中でも人気のある星野エリアの日帰り入浴施設「トンボの湯」は、星野温泉を源泉かけ流しで提供しています。星野温泉の泉質名は、ナトリウム-炭酸水素塩・塩化物泉。この場合、一番特徴を表している泉質は炭酸水素塩泉であり、次に塩化物泉の特徴もある、と読み解くのが正解です。

トンボの湯の泉質は炭酸水素塩泉。重曹効果で肌の汚れをすっきりと洗い流す「美肌の湯」です。源泉かけ流しということもあり、お湯に触れると指先が「ツルツル、とろり」とする感触があります。源泉温度そのまま、少しぬるめの温度がまた、夏の温泉としてぴったりです。

星野温泉エリアで宿泊するなら、今や日本を代表する高級ホテル「星のや軽井沢」。または、もう少し浅間山側に進むと「塩壺温泉ホテル」があります。以前訪れたとき、塩壺温泉ホテルの源泉は星野温泉の昔の源泉を使用しているとお聞きしました。
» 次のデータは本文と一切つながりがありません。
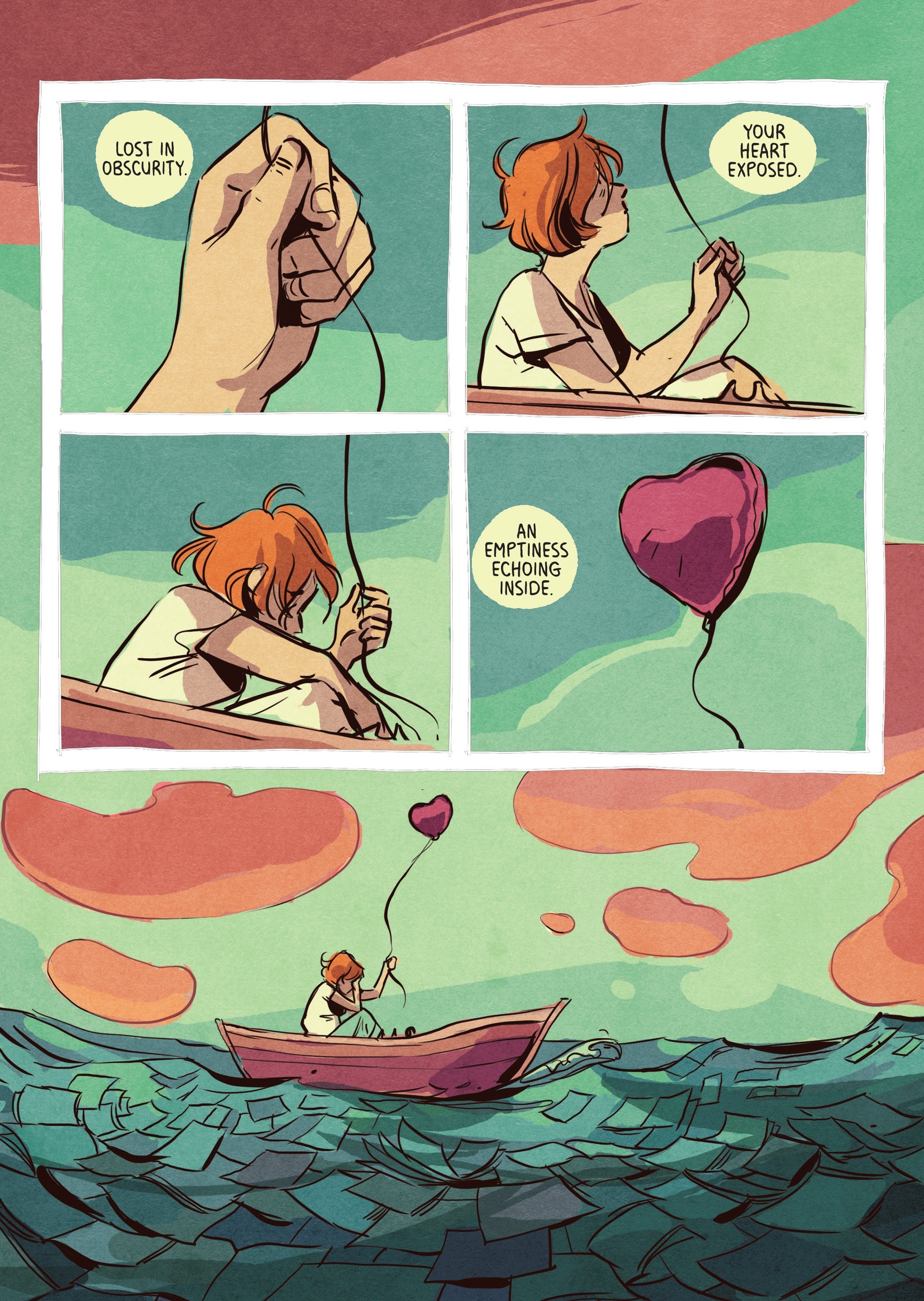 Read online Waves comic -  Issue # TPB - 33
和風の落ち着いた雰囲気の「塩壺温泉ホテル」、ラグジュアリーな滞在を約束する「星のや軽井沢」。どちらも軽井沢の豊かな自然を満喫できるおすすめの宿です。

 

 

 

高原リゾートで温泉から雲海を満喫

新潟県妙高市の赤倉温泉は、江戸時代から豊富な湯量で人気のリゾート地です。冬は良質なパウダースノーを求めて、世界中からスキーヤーが集まる場所でもあります。
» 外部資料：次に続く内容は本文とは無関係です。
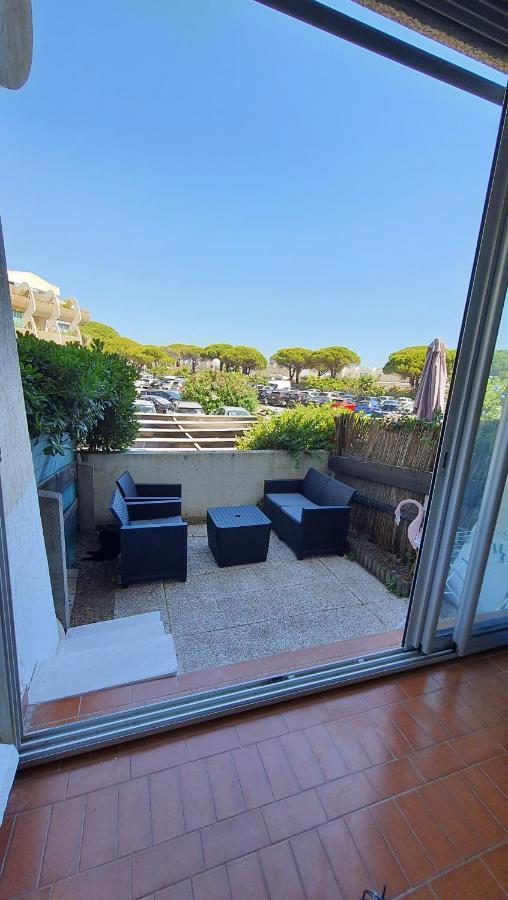 Studio 137 Port Camargue, Piscine, Climatisation, 4 Personnes Le Grau-du-Roi Eksteriør bilde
赤倉温泉の泉質は「カルシウム・ナトリウム・マグネシウム-硫酸塩・炭酸水素塩泉」。特徴としては「硫酸塩泉」に分類される泉質名ですが、分析表をよく見ると、硫酸塩泉と炭酸水素塩泉の比率はほぼ同じ。ということで、硫酸塩泉の肌の蘇生効果とあわせて同じぐらい炭酸水素塩泉のお肌ツルツル効果、浴後の清涼感を感じることができる温泉です。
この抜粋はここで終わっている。